Probing "/dev/usb/lp0"...

    Found "PSC 750xi"

    with serial number "MY27MD41CZWB".

but here is the output of sane find scanner:

  # No SCSI scanners found. If you expected something different, make sure that

  # you have loaded a SCSI driver for your SCSI adapter.

  # Also you need support for SCSI Generic (sg) in your operating system.

  # If using Linux, try "modprobe sg".

  # No USB scanners found. If you expected something different, make sure that

  # you have loaded a driver for your USB host controller and have installed a

  # kernel scanner module.

  # Scanners connected to the parallel port or other proprietary ports can't be

  # detected by this program.

Anybody have similar problems?

----------

## eolson

ok I'm guessing it's a problem with getting the scanner in the /dev area and not the hpoj drivers.  I've been looking around everywhere and nothing helps.

I look in /dev/scanner and /dev/usb/ and /dev/usbscanner and find nothing

the only usb device is /dev/usb/lp0 for my printer which is the same thing...

how would I make my scanner appear in /dev somewhere?

EDIT:  this might help... these are errors HPOJ gives when the module is loaded on startup

modprobe can't locate module /dev/ptal-mlcd

modprobe can't locate module /dev/ptal-printd

ptal-mlcd: ERROR ...... blah blah blah

couldn't find device:llioOpenOne failed!

----------

## derk

I had the same problem after installing libusb. 

it appears to be a known issue.

I had to install the CVS version from the hpoj site full instructions available on their site. Once hpoj-0.91 is available it should also work. I suspect you have started the ptal-init service as well on start-up? 

Also check the hpoj set-up info on the hpoj site http://hpoj.sourceforge.net/

derk

----------

## eolson

thanks that's probably it

unfortunately the cvs won't compile    :Mad: 

----------

## derk

hi .. after bolloxing my root partition with by using fsck stupidly

I had to reinstall so I discovered the same problem with hpoj from gentoo ... but if you edit the /etc/sane.d/dll.conf config file and uncomment the line with hpoj at the bottom of the file all works again.

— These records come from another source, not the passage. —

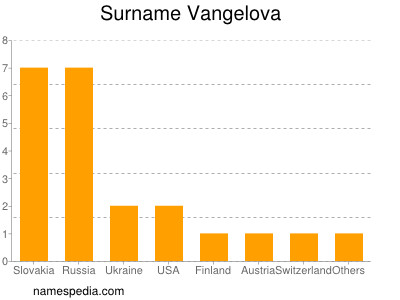 Surname Vangelova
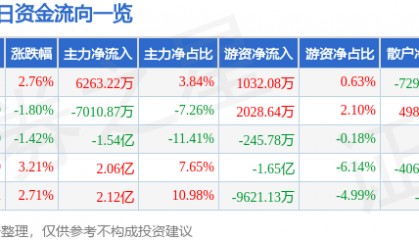 股票行情快报:中国稀土(000831)5月20日主力资金净买入6263.22万元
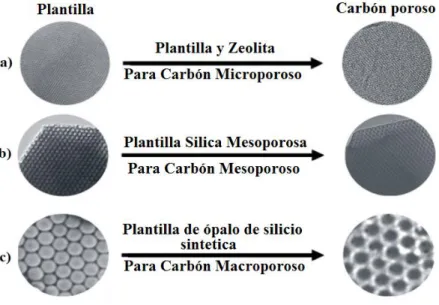 Figura  24.  Representación  esquemática  de  la  síntesis  de  carbones  porosos  utilizando  diferentes  plantillas  (Zeolita  o  esferas  de  silicio)  a)  Microporoso,  b)  Mesoporoso  y  c)  Macroporosos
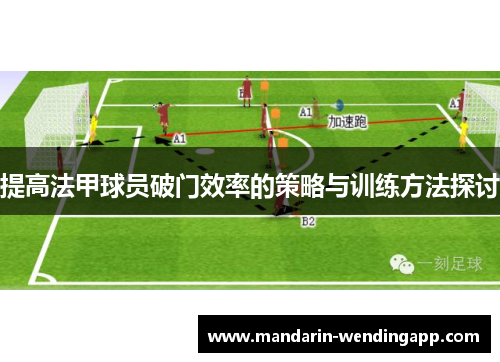 提高法甲球员破门效率的策略与训练方法探讨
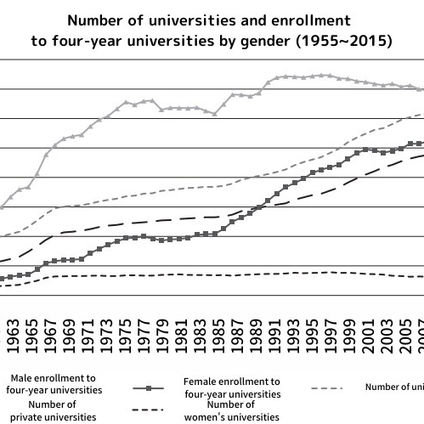 What Has Changed Japanese Women’s Education?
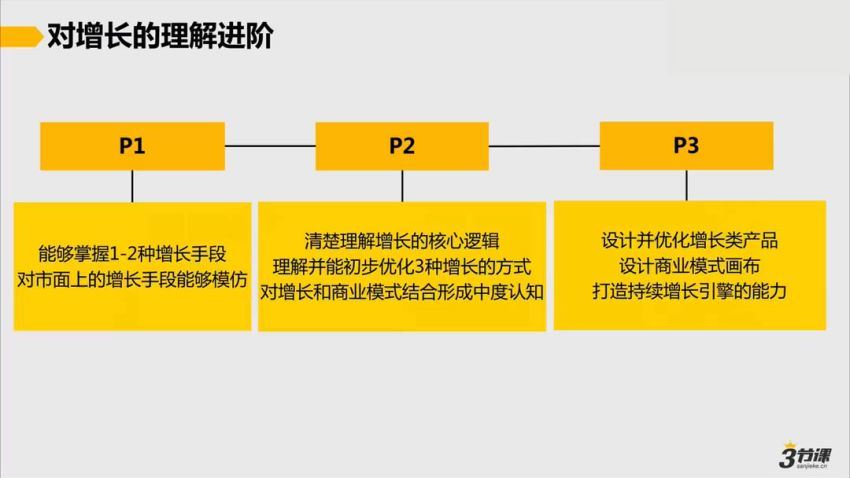 【三节课】新媒体高阶运营＆增长实战训练，百度网盘(2.19G)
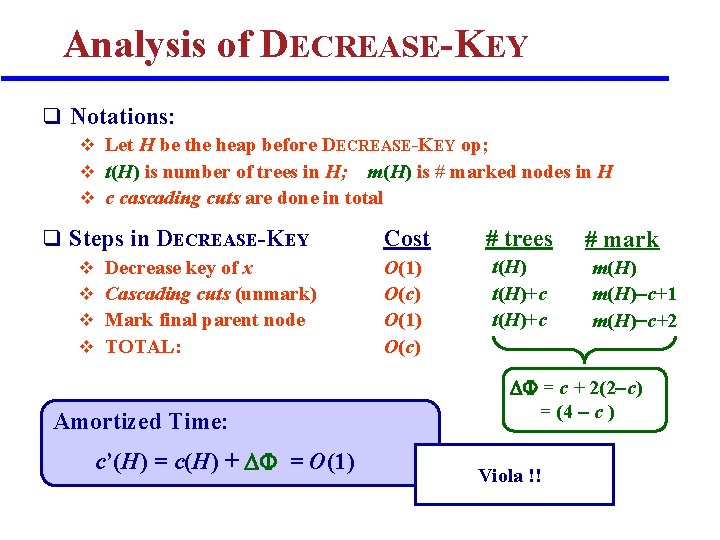 Analysis of DECREASE-KEY q Notations: v Let H be the heap before DECREASE-KEY op; Analysis of DECREASE-KEY q Notations: v Let H be the heap before DECREASE-KEY op;
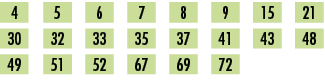 4,,5,,6,,7,,8,,9,,15,,21,,30,,32,,33,,35,,37,,41,,43,,48,,49,,51,,52,,67,,69,,72,,,,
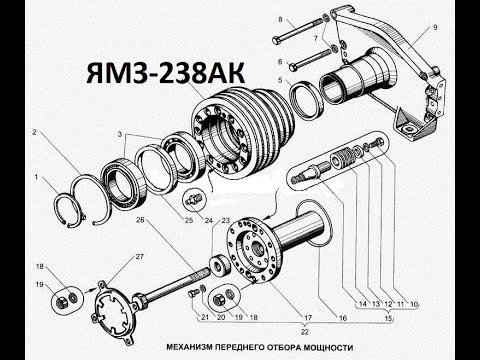 Видео: Двигатель ЯМЗ-238АК для Дон-680, 1500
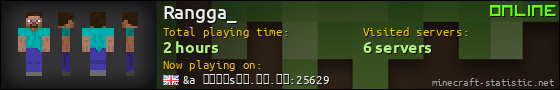 Rangga_ userbar 560x90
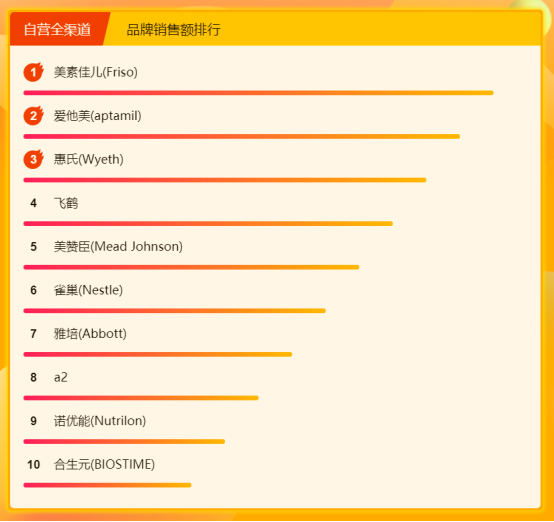 蘇寧全民煥新節(jié)悟空榜：奶粉榜美素佳兒攜手愛(ài)他美穩(wěn)坐第一梯隊(duì)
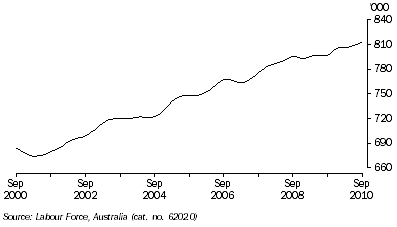 Graph: EMPLOYED PERSONS, Trend—South Australia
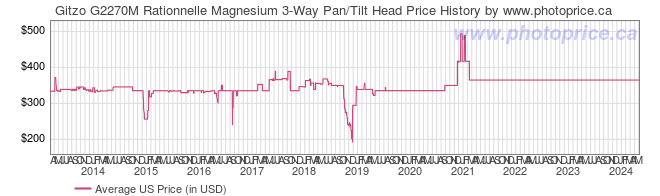 US Price History Graph for Gitzo G2270M Rationnelle Magnesium 3-Way Pan/Tilt Head
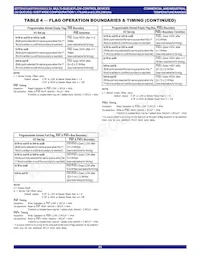 IDT72V51543L7-5BBI Datasheet Page 23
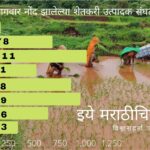 Farm Producer Organisation Double in Lockdown Period in Maharashtra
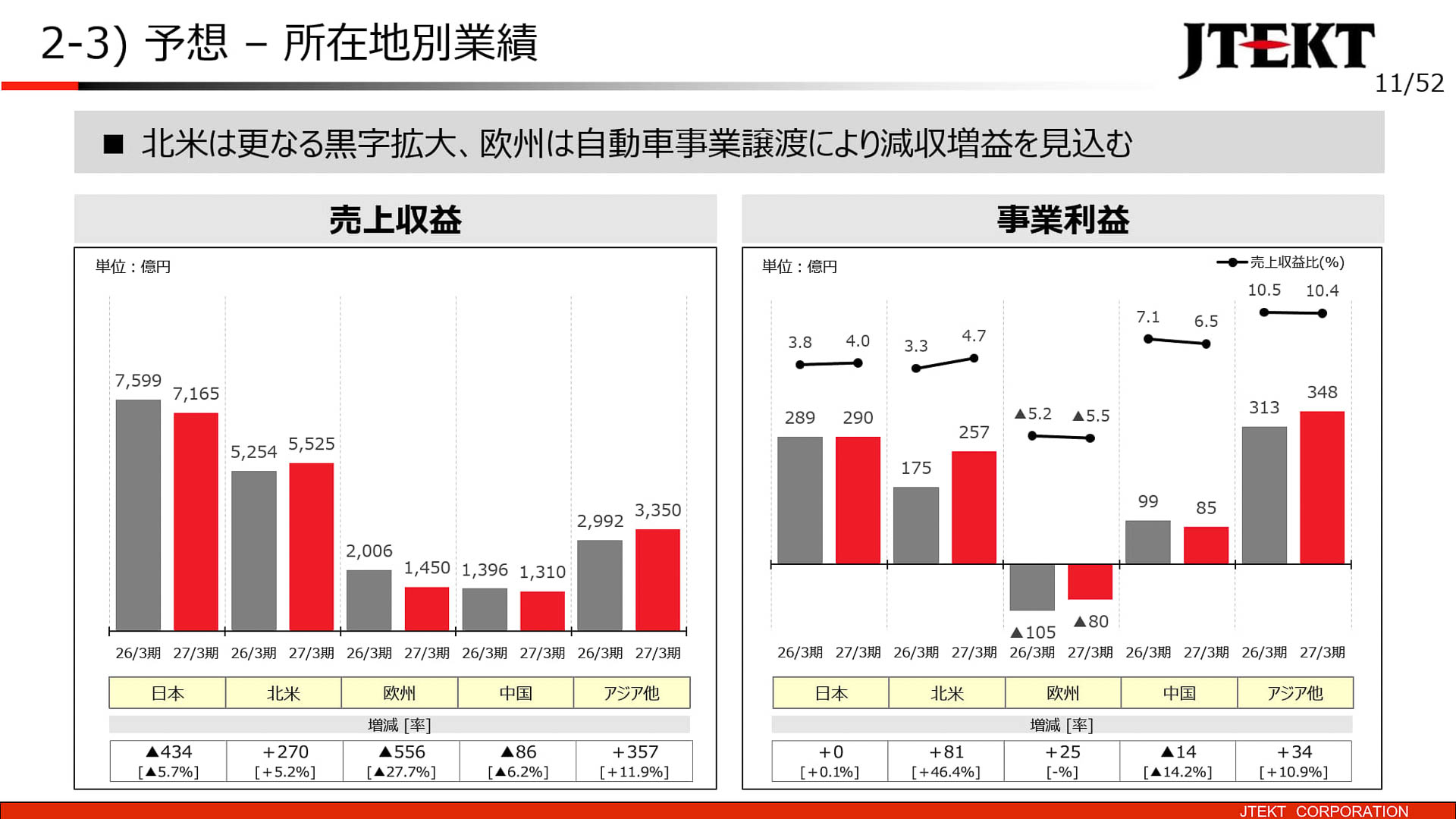 所在地別業績予想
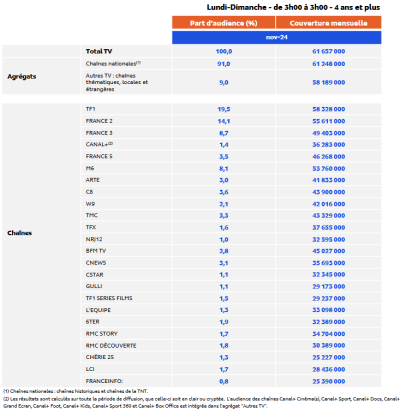 mediametrie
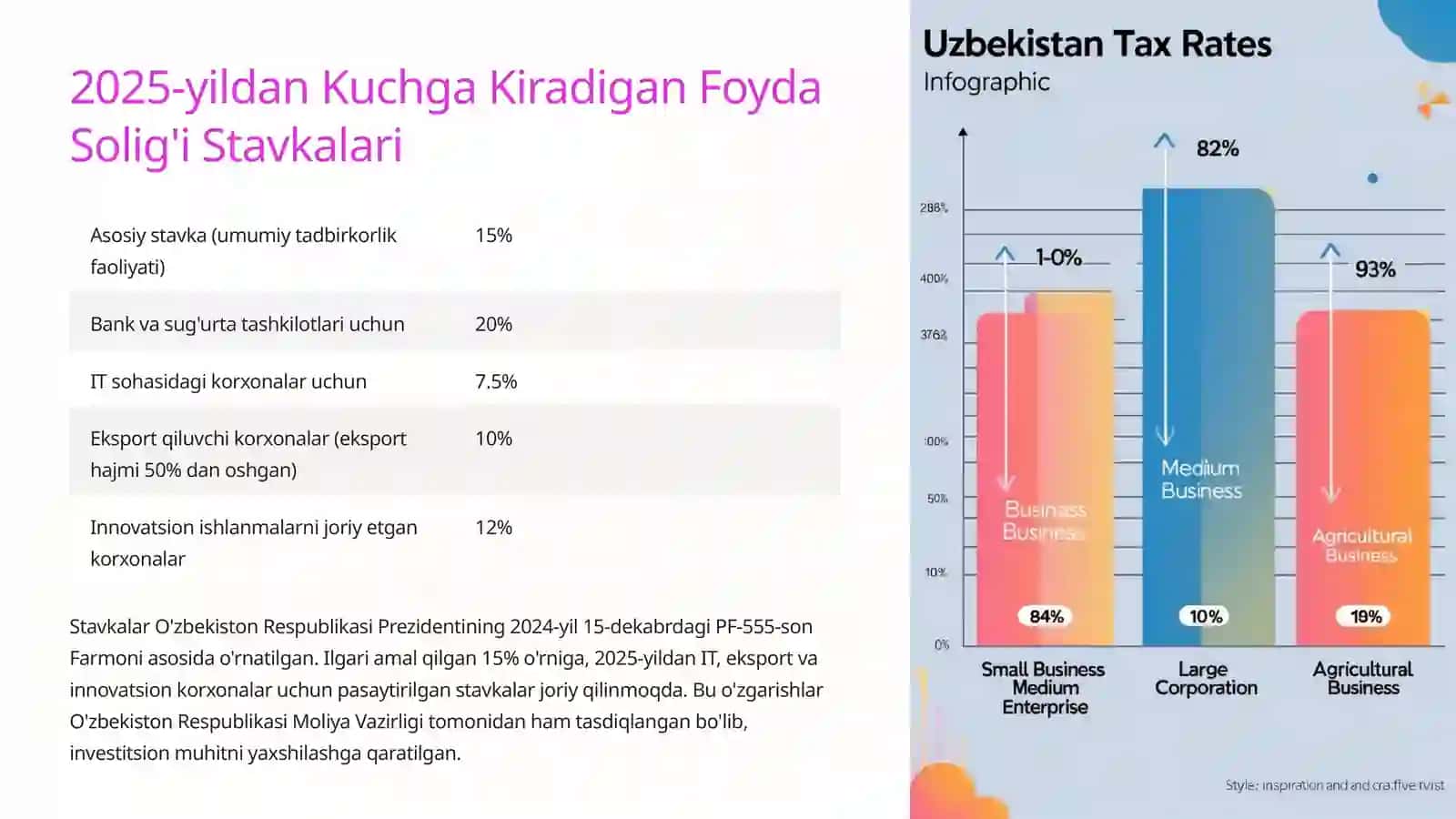 Yuridik shaxslardan olinadigan foyda solig'i 3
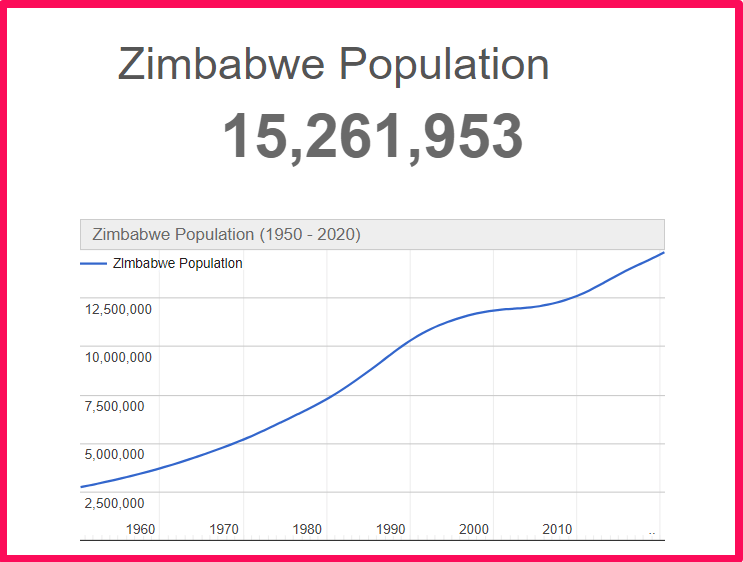 Population of Zimbabwe compared to Delaware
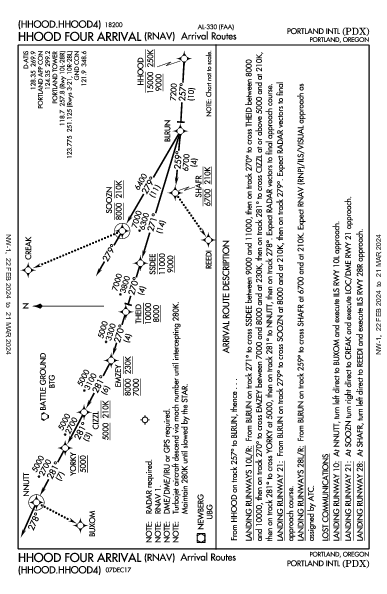 波特兰国际机场 Portland, OR (KPDX): HHOOD FOUR (RNAV) (STAR)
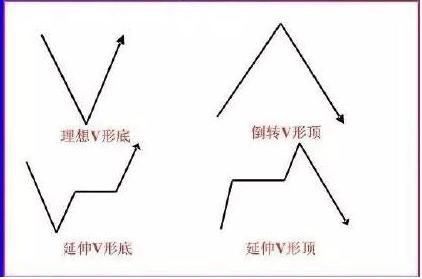 股票七型反转 股票七型反转是啥意思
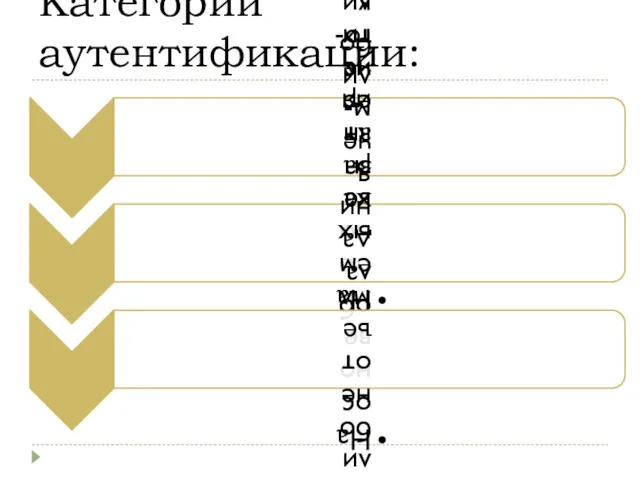 Категории аутентификации:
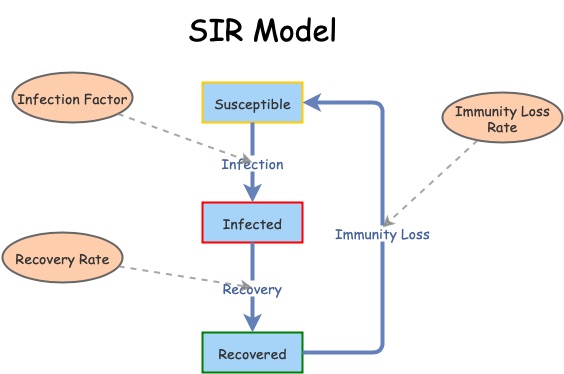 Clone of SIR Model | Insight Maker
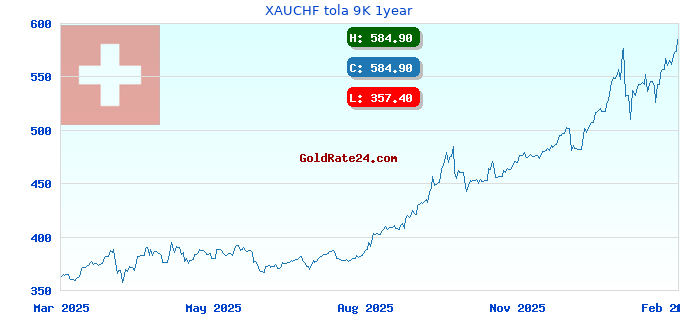 XAUCHF tola 9K 1year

sorry for the incorrect info as I'd had the other troubles before.

works like a champ for me now at hpoj-0.90-r1 with no recourse to cvs.

so just re-emerge hpoj and then do the fix

derk

----------

## derk

note that /etc/init.d/hpoj also  needs a change .. the line "after hotplug"

is missing before the line "before cupsd" in the dependency section.

derk

----------

## eolson

Sweet, thanks

I gave up for a while and just stumbled back across this post

----------

## yatesco

Uncomment hpoj in /etc/sane.d/dll.conf.

It is at the bottom of the file

----------